Dearest friends,
True friendship is something that can never be sort, acquired or commanded. Rather, it is something that happens almost in passing… scarcely acknowledged when it is in seed because it grows by being watered, fertilized and nurtured by millions of tiny thoughts, words, gestures and acts that we visit upon each other in our individual and social lives. Most of these bonds of conviviality and trust become blended into our souls during our formative years when we are mere knock-kneed tykes barreling across a schoolyard, tumbling on a playground, sneaking a note in a classroom or skewering a teacher in a common.

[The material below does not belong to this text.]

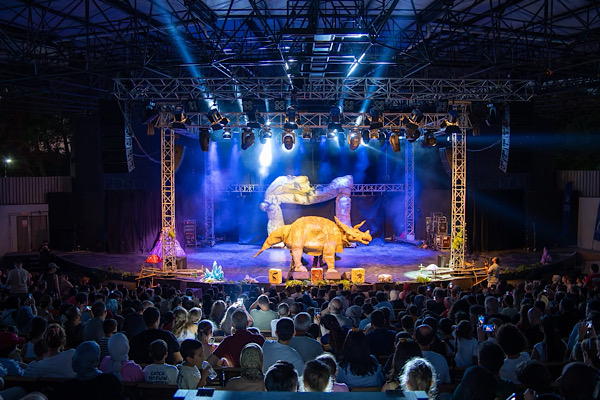  Uluslararası Bursa Festivali'nde ilk kez çocuklara özel tiyatro gösterisi sahnelendi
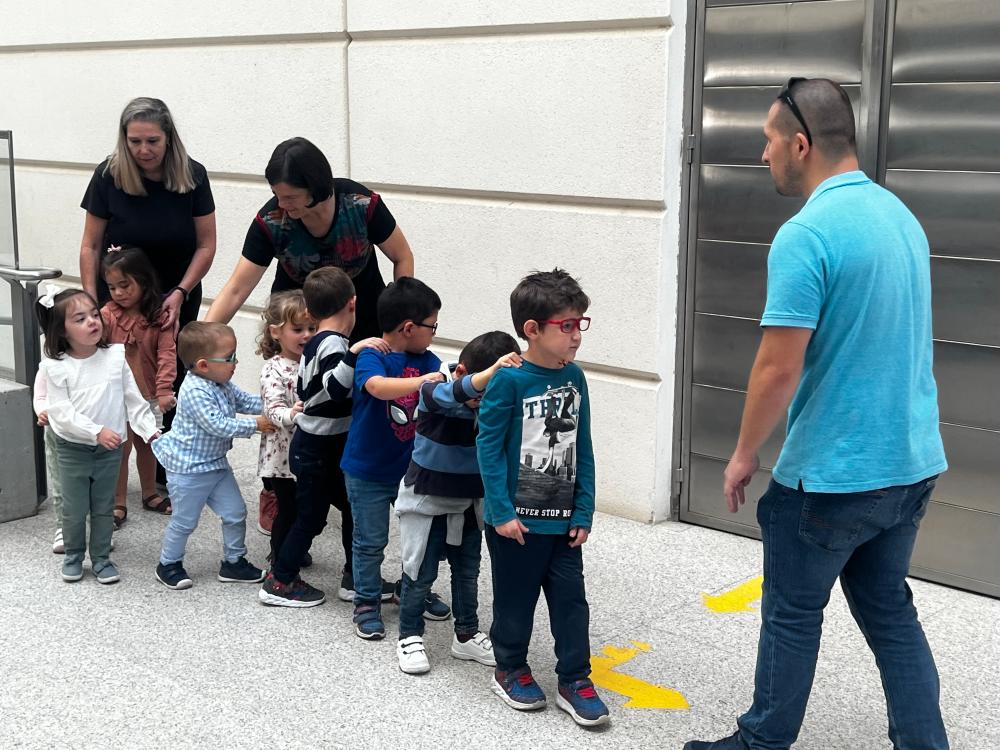 Niños entrando al patio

Those days pass by with hardly a mention and we move into our adult lives and their toils and alarms, mostly forgetting the mini-loves and micro-battles of our school days. When we do spare a moment for those times, it is with an all too brief recall that flits for the briefest of moments across the transom of our minds, the thoughts fading almost as they are born.
But then, as we grow older, we turn more and more towards those early days, to simpler times, to fonder memories. But where then are those who held us high and kept us going? Where are they with whom we engaged at levels of subtlety and personality that can never be given justice off a casual social media post or a vague “hi how are you? I’m fine thank you”?

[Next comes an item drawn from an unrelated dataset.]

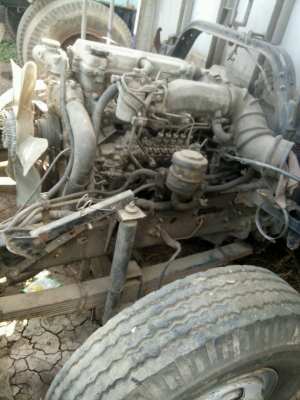 ขายรถ6ล้อ HINO FC3J เครื่อง JO7C ยาว 6.50เมตร มีแต่เครื่องคัสชีส์ กระบะคอกบรรรทุก ขาดหัวเก๋ง ครับ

Would it not be wonderful, we have oft thought, if we could sit down together and revisit, recalibrate and rejoice in all those things, big and small, that formed our lives in a small piece of southern geography in Sri Lanka? Would it not be a gorgeous foundation for the rest of our lives if we could help each other to even greater heights than those we have already scaled? Would it not be a quiet satisfaction if we had a trusting and trusted group where one works for all and all works for one with no thought of self-servitude, ego-massage or one-upmanship? Would it not be a fulfilling sign-off to our childhood and youth if we could take those friendships from their seedlings of yore into one behemoth of a tree of networked solidarity, rooted in our six schools with its branches straddling the whole world?
The Galle Club makes that dream possible my friends.